DATA TO EXAMINE:

----------

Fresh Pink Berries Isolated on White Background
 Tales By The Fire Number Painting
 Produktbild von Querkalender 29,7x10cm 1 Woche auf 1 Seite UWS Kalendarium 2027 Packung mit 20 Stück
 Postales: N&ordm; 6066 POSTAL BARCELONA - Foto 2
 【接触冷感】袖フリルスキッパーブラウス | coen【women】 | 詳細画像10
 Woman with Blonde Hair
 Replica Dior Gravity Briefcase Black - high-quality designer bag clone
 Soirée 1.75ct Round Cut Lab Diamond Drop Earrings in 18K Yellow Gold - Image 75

----------

YOUR INSTRUCTIONS: When you reach the end of the data, retype all of it exactly.

TASK RESULT:
Fresh Pink Berries Isolated on White Background
 Tales By The Fire Number Painting
 Produktbild von Querkalender 29,7x10cm 1 Woche auf 1 Seite UWS Kalendarium 2027 Packung mit 20 Stück
 Postales: N&ordm; 6066 POSTAL BARCELONA - Foto 2
 【接触冷感】袖フリルスキッパーブラウス | coen【women】 | 詳細画像10
 Woman with Blonde Hair
 Replica Dior Gravity Briefcase Black - high-quality designer bag clone
 Soirée 1.75ct Round Cut Lab Diamond Drop Earrings in 18K Yellow Gold - Image 75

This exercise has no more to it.